* [Exercise]:
In the data below, the copy begins at the line containing "China Hotel Electric" and runs through the last line; repeat those lines exactly, minus the pictures.

* [Provided material]:
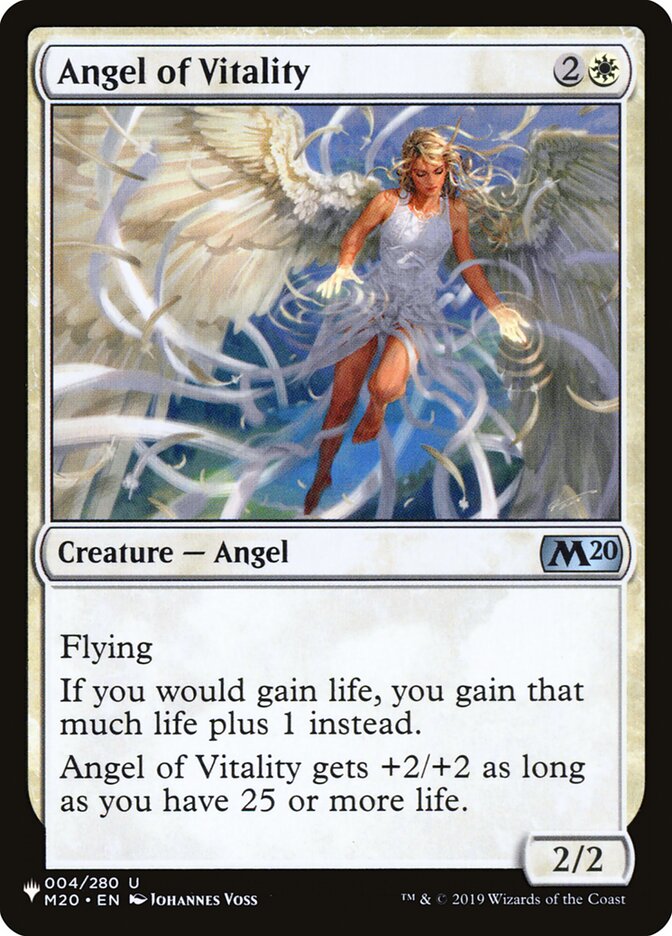 Angel of Vitality, The List · m20-4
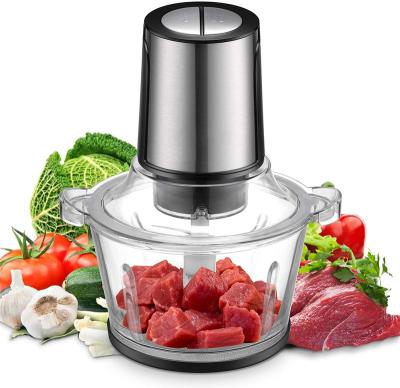 China Hotel Electric Food Processor Food Chopper Glass Bowl for Fruit Salad Onion Garlic Meat Ice Chopper Vegetables for sale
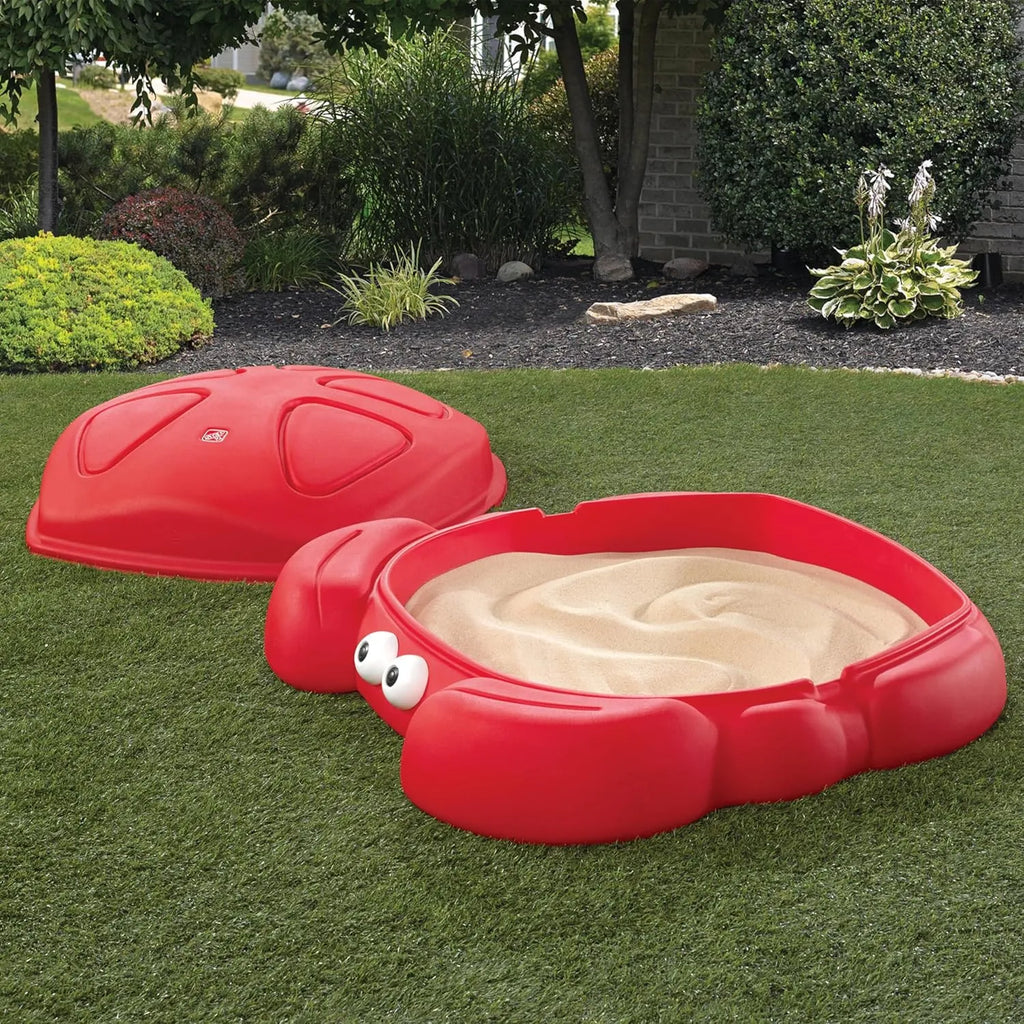 Step2 Crabbie Sandbox – Vibrant Outdoor Sandbox for Creative Play - Naivri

* [Solution for this problem]:
 China Hotel Electric Food Processor Food Chopper Glass Bowl for Fruit Salad Onion Garlic Meat Ice Chopper Vegetables for sale
 Step2 Crabbie Sandbox – Vibrant Outdoor Sandbox for Creative Play - Naivri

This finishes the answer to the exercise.